Here’s the next layer. He says don’t think you’re more righteous because you’re still around, and others aren’t. You’ve got to look to our own sin first. This is repentance. It’s turning from our self-absorbed ways and turning toward God. Someone wrote that repentance is not saying, “I will try to do better from now on.” Repentance is admitting that you and I cannot do any better on our own. We need God’s guidance to take our very next step forward.

Do you hear how this makes repentance not only about past missteps, but about how we walk into the future? Our best future is a life following in the ways of God. That’s the second layer to his answer. Any conversation about the judgment of God must begin first with ones own sin.

Here’s the third layer to his answer. It’s a parable about a fig tree that doesn’t produce figs. The owner wants to cut it down. The gardener promises to work with the soil so that it will bear fruit in the following season. This is a parable about God’s judgment, but it’s mercifully withheld.

Someone wrote that the signs of this parable are seen in those moments in life when someone says, wait, let’s not go right to familiar patterns of judgment. Let’s wait and try patience and nurture and care. Let’s work the soil some so that what looks like a lost cause might still bear some fruit. This is a parable about patience woven around mercy. This third layer to Jesus answer points out that we can never talk about God’s judgment without also talking about God’s mercy.

This parable challenges us with a powerful question. Have we’ve convinced ourselves to be a tree content to provide shade instead of fruit? Have we convinced ourselves that what we do here gives good shade? Is Shade is good enough? Yesterday your elders and I went to a leadership conference in Louisville. We were challenged by the moderator of the General Assembly to ask as a session, what does God want us to do. I hear that question bound up in this parable. What fruit should we be bearing? Does God really want us to be satisfied with providing shade?

The point of the parable is that we were planted to bear fruit and anything less warrants God’s judgment. Shade isn’t good enough. It might be comfortable, familiar, simple, less work, not so threatening, but Pisgah Presbyterian Church isn’t here to provide shade. It’s here to bear fruit.

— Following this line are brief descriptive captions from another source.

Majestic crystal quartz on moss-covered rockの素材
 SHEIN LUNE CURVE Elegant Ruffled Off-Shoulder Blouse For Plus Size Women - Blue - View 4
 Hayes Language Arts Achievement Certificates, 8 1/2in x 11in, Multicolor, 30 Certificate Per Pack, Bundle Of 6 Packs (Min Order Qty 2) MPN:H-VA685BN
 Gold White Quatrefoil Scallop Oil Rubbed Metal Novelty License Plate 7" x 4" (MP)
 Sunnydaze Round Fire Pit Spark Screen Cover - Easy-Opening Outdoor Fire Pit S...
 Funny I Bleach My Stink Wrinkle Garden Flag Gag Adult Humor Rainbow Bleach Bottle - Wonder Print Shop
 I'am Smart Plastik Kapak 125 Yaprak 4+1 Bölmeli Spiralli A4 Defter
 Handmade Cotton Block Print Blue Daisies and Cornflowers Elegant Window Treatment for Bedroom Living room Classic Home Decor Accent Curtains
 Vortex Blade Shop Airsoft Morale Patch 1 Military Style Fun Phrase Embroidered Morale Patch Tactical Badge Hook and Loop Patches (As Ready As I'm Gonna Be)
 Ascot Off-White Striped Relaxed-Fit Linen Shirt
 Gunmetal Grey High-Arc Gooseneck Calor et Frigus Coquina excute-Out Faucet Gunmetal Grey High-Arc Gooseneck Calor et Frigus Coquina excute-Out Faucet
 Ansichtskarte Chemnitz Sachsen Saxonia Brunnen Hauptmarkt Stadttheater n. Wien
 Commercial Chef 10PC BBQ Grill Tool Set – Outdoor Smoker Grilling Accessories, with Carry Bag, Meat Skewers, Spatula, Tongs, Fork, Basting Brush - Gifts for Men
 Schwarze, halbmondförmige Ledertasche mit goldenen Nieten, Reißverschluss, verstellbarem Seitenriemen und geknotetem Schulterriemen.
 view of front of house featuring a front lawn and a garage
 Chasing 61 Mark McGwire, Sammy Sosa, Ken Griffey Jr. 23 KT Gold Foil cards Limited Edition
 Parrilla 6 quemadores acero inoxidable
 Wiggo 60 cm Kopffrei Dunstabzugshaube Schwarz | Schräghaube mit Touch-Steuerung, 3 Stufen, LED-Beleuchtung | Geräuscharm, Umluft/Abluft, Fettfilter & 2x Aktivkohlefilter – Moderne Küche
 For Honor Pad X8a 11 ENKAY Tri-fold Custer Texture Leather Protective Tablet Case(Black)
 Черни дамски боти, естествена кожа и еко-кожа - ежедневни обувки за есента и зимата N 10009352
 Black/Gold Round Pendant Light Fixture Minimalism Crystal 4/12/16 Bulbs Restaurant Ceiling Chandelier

The good news of this parable is that mercifully the gardener intercedes to work the ground and nourish the roots. We all deserve God’s judgment, but the gardener, Jesus Christ, brings mercy.What does that mercy look like? It looks like the gracious feast described in Isaiah 55. Everyone who thirsts come to the waters, you that have no money, come, buy and eat. Come buy wine and milk without money and without price.

There is a word of grace in this chapter. It’s for the exiles returning from Babylon. Judgment is suspended, and they are called to come home. Repent and begin this new day of grace as a people restored and whole. The way ahead is brand new, Isaiah writes, and God provides a feast and the pathway to life. Incline your hear, he writes, and listen that you may live.

The same invitation is for us. Come home and bear fruit. The gardener will to the work in and around us. This work begins with personal repentance and the new life that follows. We have been chosen for that new life. We have been chosen to bear fruit in the vineyard. This is the journey we make together through life. With all life’s joy and sorrows, all its tragedies and triumphs, we offer the world some word of hope. That word of hope is the announcement we await on Easter Day. And thanks be to God. Amen.